Build Hadoop on MacOSX29 Sep 2014
I am not a veteran Java developer. I don’t understand the detail of Java development environment such as build tool or some type of libraries. Today, I realised that I need to develop or understand architecture of Hadoop. Hadoop seems to use some kind of Java development tools. Maven, ProtocolBuffer, CMake and so on. So in this article I want to record my environment for building hadoop projects on MacOSX.
- JDK 1.6+
- Maven 3.0 or later
- ProtocolBuffer 2.5.0
- CMake 2.6 or newer (if compiling native code)
- Zlib devel (if compiling native code)
- openssl devel ( if compiling native hadoop-pipes )
- Internet connection for first build (to fetch all Maven and Hadoop dependencies)
You also can see this list on BUILDING.txt. On MacOSX, you don’t need to install JDK and openssl. Within this list, all you need to install are CMake and ProtocolBuffer.
Download from here. After unziping it, you can walk ordinal steps.
$ ./configure $ make $ make install
You can install CMake with Homebrew. It is the easiest way.
$ brew install cmake
All dependencies are installed on your machine now. Let’s checkout hadoop source code.

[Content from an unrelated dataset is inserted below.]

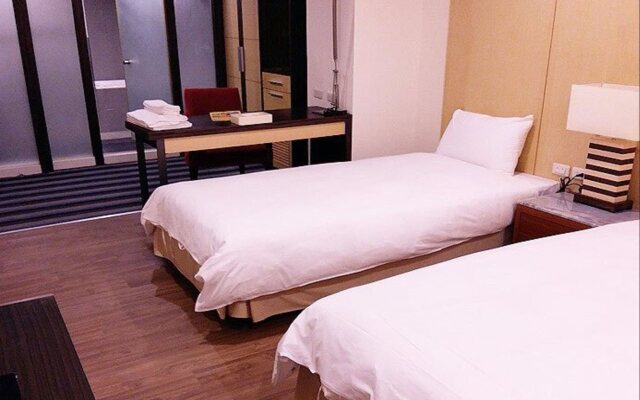 Win Inn Tainan Hotel II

$ svn checkout http://svn.apache.org/repos/asf/hadoop/common/trunk/
Notice: I tried hadoop GitHub repository, but it was very slow to download it. I recommend you to checkout from svn repository.
And build it.
$ mvn package -DskipTests -Pdist -Dtar
Because of some broken tests, you have to write
skipTests option. With this command you can command line tools and jar files in
$ bin/hadoop version Hadoop X.X.X-SNAPSHOT Subversion https://svn.apache.org/repos/asf/hadoop/common -r 1511192 Compiled by hadoopworld on 2013-08-07T07:01Z From source with checksum c8f4bd45ac25c31b815f311b32ef17 This command was run using ~/work/trunk/hadoop-dist/target/hadoop-X.X.X-SNAPSHOT
All configuration files are under hadoop-dist directory. You can rewrite xml files to change Pseudo distributed mode from stand alone mode. After finishing all tasks, I found nothing was hard. I want study the detail of architecture and codebase of hadoop and start writing some patches for hadoop project. Thank you.